Natuurlijk begon ik na verloop van tijd mijn colleges wel eens te ervaren als maaltijden die ik vaker had bereid. Maar met nieuwe ingrediënten bracht ik het eten ieder jaar weer met genoegen op smaak. Mijn openingscollege kruidde ik met het verhaal over de 2 CV die vlak na de oorlog zo schaars was dat fabrikant Citroën eisen kon stellen die nu als ridicuul ervaren zouden worden. Zo schreef de fabriek voor dat de auto alleen verkocht mocht worden aan iemand die hem nodig had voor zijn werk, te weten de kleine Franse boer. Een tweedehands 2 CV was in die jaren duurder dan een exemplaar van fabriek waarop klant gemiddeld zo’n zes jaar moest wachten. Met hetzelfde plezier vertelde ik over Amerikaanse huisvrouwen in de jaren vijftig die geen Nescafé bliefden. Pas na lange tijd bleek uit onderzoek met boodschappenlijstjes dat die weigering vooral te maken had met het vooroordeel dat alleen luie huisvrouwen oploskoffie serveerden. Het doorgaans nogal saaie college over de merkenrechtelijke aspecten van marketing maakte ik levendiger met een verhaal over de firma Arie Klaver & Zonen, een grossierderij te Alkmaar die noodgedwongen de juridische strijd aanbond met de nieuw gevormde multinational Akzo. De chemiereus claimde de merknaam Akzo, maar verloor de rechtszaak daarover glansrijk en diende de firma Klaver flink te compenseren. Klaver breidde de zaak vervolgens uit onder de naam DIMAK (Distributie Import Klaver). Diverse lichtingen studenten heb ik vermaakt met de zeperd van de Akzo. Hetzelfde gold – om de wording en werking van merken te illustreren –  voor Tasty Tom, een teler uit de buurt van Venlo die zijn tomaten verpakte in kartonnen doosjes met cellofaan eroverheen om zich zo te onderscheiden en bij consumenten de suggestie van lekker en vers te wekken.

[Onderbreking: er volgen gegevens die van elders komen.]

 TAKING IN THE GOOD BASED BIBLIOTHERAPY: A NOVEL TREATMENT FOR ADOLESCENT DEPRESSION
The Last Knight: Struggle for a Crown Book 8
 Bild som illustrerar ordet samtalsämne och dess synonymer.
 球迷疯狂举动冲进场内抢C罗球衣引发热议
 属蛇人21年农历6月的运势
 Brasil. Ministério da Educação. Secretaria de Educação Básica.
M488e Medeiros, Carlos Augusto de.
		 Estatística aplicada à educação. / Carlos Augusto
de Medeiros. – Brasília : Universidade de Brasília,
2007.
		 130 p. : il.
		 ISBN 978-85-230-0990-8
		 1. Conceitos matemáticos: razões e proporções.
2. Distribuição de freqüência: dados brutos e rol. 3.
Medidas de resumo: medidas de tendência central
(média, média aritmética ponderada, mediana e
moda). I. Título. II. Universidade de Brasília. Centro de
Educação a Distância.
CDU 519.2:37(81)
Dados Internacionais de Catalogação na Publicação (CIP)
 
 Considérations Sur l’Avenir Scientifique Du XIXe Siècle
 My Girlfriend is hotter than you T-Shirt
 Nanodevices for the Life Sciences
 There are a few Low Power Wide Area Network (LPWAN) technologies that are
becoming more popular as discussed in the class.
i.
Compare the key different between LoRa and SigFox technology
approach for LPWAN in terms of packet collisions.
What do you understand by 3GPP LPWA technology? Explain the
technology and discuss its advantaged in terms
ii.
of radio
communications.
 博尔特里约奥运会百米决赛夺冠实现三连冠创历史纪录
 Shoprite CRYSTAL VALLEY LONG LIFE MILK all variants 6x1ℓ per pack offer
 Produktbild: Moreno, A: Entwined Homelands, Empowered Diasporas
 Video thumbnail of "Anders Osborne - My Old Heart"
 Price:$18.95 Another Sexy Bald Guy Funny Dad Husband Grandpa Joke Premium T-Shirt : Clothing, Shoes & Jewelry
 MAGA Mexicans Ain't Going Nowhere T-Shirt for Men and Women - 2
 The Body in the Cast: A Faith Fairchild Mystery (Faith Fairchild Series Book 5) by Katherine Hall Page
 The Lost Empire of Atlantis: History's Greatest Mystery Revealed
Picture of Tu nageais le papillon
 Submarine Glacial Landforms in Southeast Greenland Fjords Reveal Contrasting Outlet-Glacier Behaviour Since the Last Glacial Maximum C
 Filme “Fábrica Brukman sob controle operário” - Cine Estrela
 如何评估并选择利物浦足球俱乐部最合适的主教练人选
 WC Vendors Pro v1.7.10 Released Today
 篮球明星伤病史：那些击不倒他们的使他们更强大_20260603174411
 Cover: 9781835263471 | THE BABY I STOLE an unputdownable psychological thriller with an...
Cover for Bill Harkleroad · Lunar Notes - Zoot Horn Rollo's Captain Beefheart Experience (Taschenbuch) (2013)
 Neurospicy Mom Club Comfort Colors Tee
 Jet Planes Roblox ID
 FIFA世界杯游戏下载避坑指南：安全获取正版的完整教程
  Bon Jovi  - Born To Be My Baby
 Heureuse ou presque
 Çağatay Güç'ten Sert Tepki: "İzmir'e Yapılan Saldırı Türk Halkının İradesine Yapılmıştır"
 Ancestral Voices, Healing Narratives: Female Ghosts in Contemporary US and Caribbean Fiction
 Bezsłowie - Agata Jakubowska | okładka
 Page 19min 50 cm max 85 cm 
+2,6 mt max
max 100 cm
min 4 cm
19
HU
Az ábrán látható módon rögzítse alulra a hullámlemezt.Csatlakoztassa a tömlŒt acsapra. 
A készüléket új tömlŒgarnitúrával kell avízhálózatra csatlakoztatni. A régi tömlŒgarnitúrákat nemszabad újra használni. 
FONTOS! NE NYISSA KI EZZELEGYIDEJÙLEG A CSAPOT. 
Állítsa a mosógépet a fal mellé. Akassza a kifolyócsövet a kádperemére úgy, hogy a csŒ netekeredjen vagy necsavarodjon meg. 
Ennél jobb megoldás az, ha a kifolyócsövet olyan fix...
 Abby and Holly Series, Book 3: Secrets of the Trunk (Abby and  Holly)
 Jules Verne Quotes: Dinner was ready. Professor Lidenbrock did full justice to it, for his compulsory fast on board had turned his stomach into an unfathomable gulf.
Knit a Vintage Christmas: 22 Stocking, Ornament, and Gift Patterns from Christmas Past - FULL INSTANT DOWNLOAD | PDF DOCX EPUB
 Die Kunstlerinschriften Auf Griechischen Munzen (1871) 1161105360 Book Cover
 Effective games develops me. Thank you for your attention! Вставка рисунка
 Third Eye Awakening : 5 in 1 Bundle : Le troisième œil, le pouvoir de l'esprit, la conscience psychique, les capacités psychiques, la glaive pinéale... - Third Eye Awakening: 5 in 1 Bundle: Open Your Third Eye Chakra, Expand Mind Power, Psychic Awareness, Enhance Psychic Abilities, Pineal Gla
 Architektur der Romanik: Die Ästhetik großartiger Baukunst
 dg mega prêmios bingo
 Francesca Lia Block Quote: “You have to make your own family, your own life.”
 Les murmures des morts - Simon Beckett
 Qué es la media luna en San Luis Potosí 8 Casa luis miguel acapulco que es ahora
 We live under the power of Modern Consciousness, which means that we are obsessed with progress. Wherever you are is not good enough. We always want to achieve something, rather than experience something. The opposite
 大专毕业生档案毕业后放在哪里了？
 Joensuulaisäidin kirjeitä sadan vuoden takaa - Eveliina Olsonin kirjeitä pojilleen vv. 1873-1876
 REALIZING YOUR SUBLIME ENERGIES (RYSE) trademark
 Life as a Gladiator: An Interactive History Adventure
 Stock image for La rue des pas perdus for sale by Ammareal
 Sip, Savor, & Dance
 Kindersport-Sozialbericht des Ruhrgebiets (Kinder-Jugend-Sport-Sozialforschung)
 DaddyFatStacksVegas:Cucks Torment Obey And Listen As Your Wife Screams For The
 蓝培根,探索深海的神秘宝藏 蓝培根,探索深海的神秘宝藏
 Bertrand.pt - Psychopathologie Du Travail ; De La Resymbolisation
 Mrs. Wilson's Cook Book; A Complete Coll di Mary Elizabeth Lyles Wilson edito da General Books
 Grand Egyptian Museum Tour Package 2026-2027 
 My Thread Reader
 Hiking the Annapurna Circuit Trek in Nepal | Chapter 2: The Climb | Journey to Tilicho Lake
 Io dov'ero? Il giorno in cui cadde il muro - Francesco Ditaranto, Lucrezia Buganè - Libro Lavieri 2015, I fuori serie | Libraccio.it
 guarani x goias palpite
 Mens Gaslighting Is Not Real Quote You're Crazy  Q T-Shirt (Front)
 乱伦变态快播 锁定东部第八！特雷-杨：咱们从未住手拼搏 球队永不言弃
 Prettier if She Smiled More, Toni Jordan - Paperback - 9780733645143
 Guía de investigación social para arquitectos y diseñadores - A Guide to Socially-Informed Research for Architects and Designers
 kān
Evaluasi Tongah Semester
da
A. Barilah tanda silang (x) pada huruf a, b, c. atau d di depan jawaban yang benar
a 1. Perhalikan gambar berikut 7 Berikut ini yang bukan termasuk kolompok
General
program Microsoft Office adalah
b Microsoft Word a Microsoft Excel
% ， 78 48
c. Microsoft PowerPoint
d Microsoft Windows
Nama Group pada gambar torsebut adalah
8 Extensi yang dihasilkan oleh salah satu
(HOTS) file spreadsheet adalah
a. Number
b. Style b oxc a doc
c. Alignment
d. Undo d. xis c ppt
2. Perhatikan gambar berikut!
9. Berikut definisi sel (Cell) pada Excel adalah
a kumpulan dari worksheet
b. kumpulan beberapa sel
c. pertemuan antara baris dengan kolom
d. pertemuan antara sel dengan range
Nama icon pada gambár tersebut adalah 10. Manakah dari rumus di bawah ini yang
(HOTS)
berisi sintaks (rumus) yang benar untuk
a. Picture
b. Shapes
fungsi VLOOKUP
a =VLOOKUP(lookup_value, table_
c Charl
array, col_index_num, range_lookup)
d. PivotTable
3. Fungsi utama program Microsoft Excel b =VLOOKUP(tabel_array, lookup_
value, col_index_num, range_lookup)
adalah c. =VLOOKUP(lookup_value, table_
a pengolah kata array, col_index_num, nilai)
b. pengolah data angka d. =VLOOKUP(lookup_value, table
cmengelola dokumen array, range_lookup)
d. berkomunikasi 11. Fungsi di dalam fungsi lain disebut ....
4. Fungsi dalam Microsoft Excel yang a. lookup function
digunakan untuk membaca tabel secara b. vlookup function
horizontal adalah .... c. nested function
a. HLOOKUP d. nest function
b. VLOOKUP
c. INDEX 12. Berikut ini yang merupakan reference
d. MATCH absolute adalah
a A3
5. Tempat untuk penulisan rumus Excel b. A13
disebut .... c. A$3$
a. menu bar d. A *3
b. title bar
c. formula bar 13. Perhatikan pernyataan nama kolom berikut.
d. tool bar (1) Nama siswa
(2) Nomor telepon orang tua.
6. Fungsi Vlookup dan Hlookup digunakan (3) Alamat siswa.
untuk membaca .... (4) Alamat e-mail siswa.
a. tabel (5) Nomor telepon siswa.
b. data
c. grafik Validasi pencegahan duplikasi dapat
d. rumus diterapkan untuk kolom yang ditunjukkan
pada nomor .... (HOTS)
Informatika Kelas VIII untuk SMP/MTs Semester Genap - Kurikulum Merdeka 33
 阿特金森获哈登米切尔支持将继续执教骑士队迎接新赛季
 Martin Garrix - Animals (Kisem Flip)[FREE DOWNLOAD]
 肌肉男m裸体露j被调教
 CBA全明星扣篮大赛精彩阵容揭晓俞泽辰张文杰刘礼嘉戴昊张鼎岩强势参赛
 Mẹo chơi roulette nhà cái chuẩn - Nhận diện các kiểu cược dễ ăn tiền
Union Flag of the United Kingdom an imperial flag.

Pas later kreeg ik eerbied voor de kennis, het raffinement en de professionaliteit van marketeers. Zo weten ze dat mensen in een  supermarkt gemiddeld zes seconden besteden aan een koopbeslissing, dat de verpakking van paprikachips blauw moet zijn en niet rood, omdat anders de consument in de war raakt, tenzij chips worden aangeboden in een ronde bus, omdat het dan in de ogen van consumenten een ander product is. Ook weten marketingmensen hoe producten het beste in de schappen van de supermarkt moeten worden gepresenteerd. In een oogwenk rekenen ze uit hoeveel strekkende decimeters supermarkten moeten reserveren voor wortelen en doperwten in blik, en waar en hoe verse groenten gepresenteerd moeten worden. Er zijn commercials geweest die bedrijven en mogelijk industrieën hebben gered. Dat gaat misschien ver, maar sommige campagnes bleken in staat afgeschreven merken en producten ogenschijnlijk in een handomdraai te voorzien van een nieuw imago. Neem Levi’s. Een knappe jongeman in bad met op de achtergrond ‘I heart it through the grapevine’ van Marvin Gaye en opwaarts ging het met de verkopen van jeans in een tijd waarin iedereen merkwaardige kapsels droeg en de meeste mannen rondliepen in meelijwekkende bandplooibroeken.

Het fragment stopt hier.